The painter makes something magical, spatial, and alive on a surface that is flat and with materials that are inert. That magic is what makes paintings unique and necessary. — Helen Frankenthaler


Mica (1981) is an extraordinary example of Helen Frankenthaler's masterful achievements from her mature period of the 1980s. Having remained in the same private collection since 1994, Mica exemplifies Frankenthaler's groundbreaking soak-stain technique, dotted with dynamic and organic forms rendered in a stunning color palette. Thick swatches of silver, graphite and copper sit atop soft, feathered strokes of flush pink evoking an otherworldly atmosphere. The title of the work gives the composition a second mystical layer. Not only does the name refer to the mineral group, alluding to the natural world, the title also references the Latin 'micare,' meaning 'to glitter.' A cerebral and visceral painter, Frankenthaler conjures a feeling of the sublime in Mica.

Frankenthaler's paintings from the 1980s represent a marked change in her practice – the canvas is no longer densely painted, but lighter and more diluted. Crucially, it represents the introduction of impasto 'blobs' or 'clumps', which were terms Frankenthaler used to describe her technique. Set against a smoky pink backdrop, bold metallic clumps interrupt the surface, with bursts of electric blue and yellow, warm gold, orange and red, creating a light-infused brilliancy that seems to spring from within the canvas. A creamy white band stretches across the lower register, with a bold splash of graphite, the result of paint poured forcefully onto the canvas. The vivid spots of color float on the surface, seemingly arising from a receding background.

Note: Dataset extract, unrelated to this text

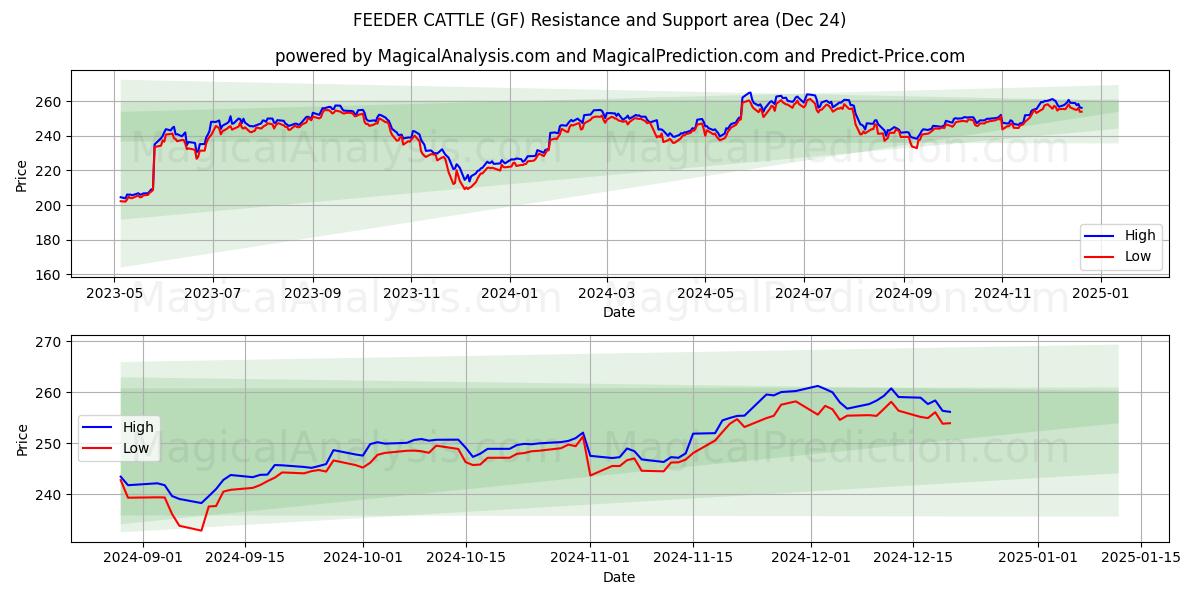  تغذیه کننده گاو (GF) Support and Resistance area (24 Dec)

These spatial ambiguities and the interaction between color fields, were carefully directed by Frankenthaler. She achieved this sense of immediacy and finality, through repeated effort. Frankenthaler remarked: "A really good picture looks as if it's happened at once...one really beautiful wrist motion that is synchronized with your head and your heart, and you have it, and therefore it looks as if it were born in a minute" (the artist in Barbara Rose, Frankenthaler, New York 1972, p. 85).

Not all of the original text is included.